Ford Ranger Raptor Review – Bringing Baja to the streets

The Ford Ranger Raptor is one of the most capable 4x4s you can find on the market today, offering a long list of off-road tailored features and great performance.

TopAuto had the opportunity to get behind the wheel of Ford’s top-of-the-line bakkie for a week to test how it fares both on and off the road.

In the streets

Taking Ford’s aggressive Raptor around town can be a somewhat cumbersome process.

The 5.3-metre long body means you will be sticking out of most parking spaces and the large bonnet can make it hard to tell at a glance how close you are to the end of a bay, though the camera and parking sensors go a long way towards making this process easier.

The 2.0-litre bi-turbo diesel engine in the Ranger produces 157kW and 500Nm, which is more than enough for your daily needs.

However, you won’t be overwhelmed by the Raptor’s performance, at least not when it’s left in the Normal driving mode.

Switching to Sport makes a considerable difference, sharpening the throttle response to be near-instant where there was previously a small delay.

It’s tempting to leave the bakkie in the sportier setting all the time but this does come at the cost of fuel consumption, and over the course of the test I averaged closer to 10l/100km than the advertised 8.3l/100km due to the rather enthusiastic ride.

As far as features are concerned, the infotainment system is easy to figure out and operate albeit a little outdated in 2022, and I particularly enjoyed the heated seats, climate control, and speed-limiting cruise control – which came in handy both on the highway as well as on the roads less traveled.

Off the beaten path

Where the Raptor truly shines is when you take it off the beaten path, where all of its best toys can be put to good use.

A small dial lets you easily switch between its 2×4, high-range 4×4, and low-range 4×4 – while the 10-speed automatic gearbox lets you take over at any time using big metal paddle shifters behind the chunky steering wheel.

The advantage of this is being able to keep the bakkie in a specific gear while tackling difficult terrain, but outside of these situations, I found it better to leave it in automatic as the transmission’s response is sharp to the point that manual shifts felt sluggish in comparison.

Three buttons on the centre console allow you to toggle the traction control, lock the rear differential, and engage the hill descent control function, and completing the off-road package is a suite of terrain-specific driving modes for surfaces like mud, snow, and dirt.

Taking the Ranger up a steep and rocky slope seemed a daunting prospect from the bottom, but Ford’s bakkie proved to be a mountain goat with its large wheelbase and phenomenal Fox suspension, skipping over obstacles without a single issue.

Coming down from the rocky hills, a long dirt track presented an opportunity to test out the Raptor’s most exciting feature – Baja mode.

Named after the motorsport race held in Baja California in Mexico, this mode turns the Ranger from an already-capable 4×4 into the closest thing to a full-blow rally car that you can get.

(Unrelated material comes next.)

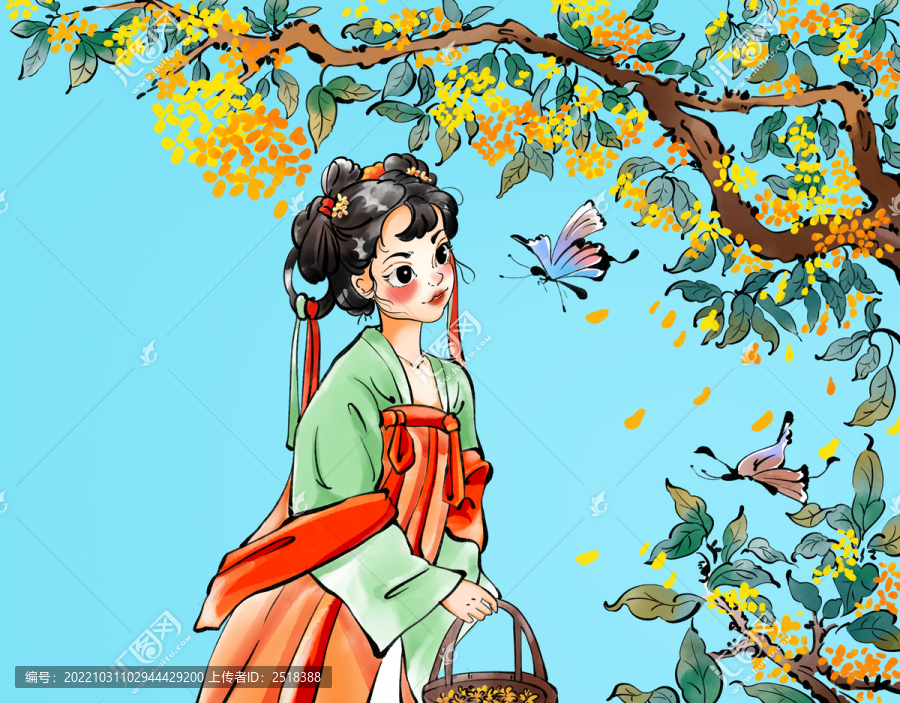 中國風(fēng)插畫桂花女子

In addition to the throttle improvements made by Sport mode, Baja keeps the turbocharger spooled up for several seconds after you stop accelerating meaning there is effectively no turbo-lag whatsoever when getting back on the gas.

The result is instant performance, which when combined with the Raptor’s superb mechanics, feels like it turns any dirt track ahead of you into an exciting rally stage.

Outside of these situations, however, Baja mode should be avoided, as the ‘rearing-to-go’ nature of the setting makes the car feel somewhat clunky when pulling up to a red light on a city street.

Verdict

At a starting price of R999,150, the Ford Ranger Raptor Special Edition is one of the most expensive bakkies on the market today.

However, for this price you’ll receive a vehicle that delivers premium-SUV levels of comfort even while driving over rough terrain, and that is capable of tackling practically any obstacle placed in front of it.

While not the easiest car to use on a day-to-day basis, its extensive off-road features, good performance, and mean looks make the Raptor a top choice in South Africa’s competitive bakkie landscape.